Pour les jeunes, nous avons mis en œuvre un projet avec le centre quarter qu’on appelle « youth Initiative » qui a commencé depuis 2016 à travers lequel nous avons organisé des cafés citoyens où nous amenons les jeunes des différentes couches et communautés ensembles pour essayer de réfléchir sur la situation du pays en invitant certaines autorités pour des discussions importantes par rapport aux situations d’actualités afin de développer ce que nous appelons « critical finking » donc la pensée critique chez les jeunes parce que nous pensons que dans notre pays c’est ce qui manque chez nos jeunes et qui doit être développé chez eux davantage.

Nous organisons aussi des concours artistiques, où nous amenons les jeunes à mieux s’exprimer d’une façon non violente à partir de l’art, des chansons, des dessins, des théâtres et d’autres œuvres.

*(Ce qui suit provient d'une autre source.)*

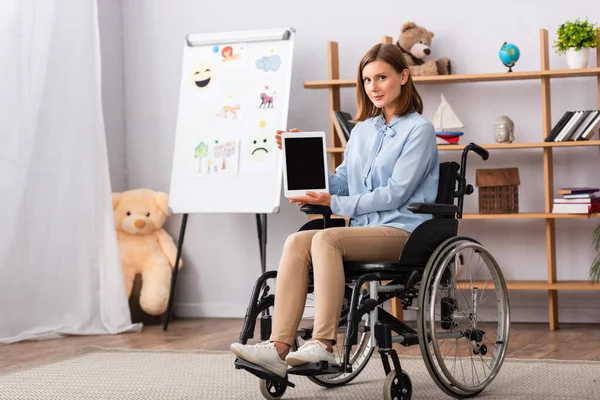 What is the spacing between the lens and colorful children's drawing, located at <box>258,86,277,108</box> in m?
4.18

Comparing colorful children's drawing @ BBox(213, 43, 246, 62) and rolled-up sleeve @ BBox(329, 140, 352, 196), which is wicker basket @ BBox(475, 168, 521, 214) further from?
rolled-up sleeve @ BBox(329, 140, 352, 196)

Nous faisons aussi de « democracy bee » pour permettre de changer la mentalité des gens dans notre pays à travers les sensibilisations sur les questions de la démocratie en travaillant bien sûr avec des plus jeunes dans des écoles dont leur âge varie entre 10 à 14 ans. Nous leurs inculquons des notions de la démocratie en leur montrant leurs devoirs envers le pays et leurs droits aussi car, nous avons remarqué que les gens ont souvent l’habitude de réclamer seulement leur droit et oublient qu’ils ont aussi des devoirs auxquels ils doivent répondre.

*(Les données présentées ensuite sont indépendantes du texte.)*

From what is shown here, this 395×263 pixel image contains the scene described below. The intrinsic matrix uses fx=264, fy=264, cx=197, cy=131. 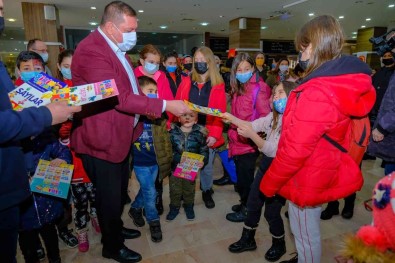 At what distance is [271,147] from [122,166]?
3.54 feet

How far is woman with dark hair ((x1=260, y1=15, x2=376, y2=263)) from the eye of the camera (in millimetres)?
1196

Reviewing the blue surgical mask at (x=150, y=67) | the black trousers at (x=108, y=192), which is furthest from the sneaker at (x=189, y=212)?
the blue surgical mask at (x=150, y=67)

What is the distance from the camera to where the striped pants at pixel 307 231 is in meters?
1.46

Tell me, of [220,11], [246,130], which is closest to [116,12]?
[246,130]

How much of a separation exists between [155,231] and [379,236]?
184cm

Em-Gr : Quels sont vos défis ?

Passy Mubalama : Les défis sont énormes quand on travaille comme activiste des droits de l’homme dans notre pays. Il y a l’insécurité qui bat record dans différentes zones où nous travaillons. Nous savons nous tous que la partie Est de la RDC ne compte pas moins de 70 groupes armés et les rebelles sont responsables de plusieurs violations des droits humains. Nous avons aussi comme défi les coutumes et les traditions rétrogrades surtout quand on travaille sur les questions des droits des femmes et l’égalité des droits. L’impunité sur la corruption par la justice congolaise reste aussi un problème surtout que des dénonciations qui se font par la communauté et les organisations des droits humains mais rien n’est fait au niveau de la justice car nous constatons une certaine lenteur et cela ne fait pas que nous puissions faire beaucoup mieux notre travail en tant que défenseurs des droits de l’homme.

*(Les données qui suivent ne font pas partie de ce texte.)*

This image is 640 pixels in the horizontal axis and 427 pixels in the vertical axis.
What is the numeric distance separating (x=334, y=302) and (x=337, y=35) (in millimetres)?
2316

Tout de même, j’encourage les femmes de bien travailler et être irréductible surtout pour atteindre un objectif. J’encourage toujours les femmes à bien travailler quel que soit l’âge. Avec l’expérience de AIDEPROFEN, nous avons constaté que les femmes attendent qu’il y ait quelqu’un toujours dernière elles pour les pousser alors qu’entant que femmes, nous avons beaucoup de potentiels que nous pouvons mettre au profit de la communauté. Avec les hommes, nous avons le même droit et nous devons prendre conscience. Nous devons l’accepter quel que soit notre lutte pour l’égalité, nous sommes toujours différents des hommes sur plusieurs plans biologiques mais sur le plan des droits, nous sommes égaux et nous devons revendiquer notre droit s’il le faut. Sinon, la manne ne tombera pas du ciel deux fois.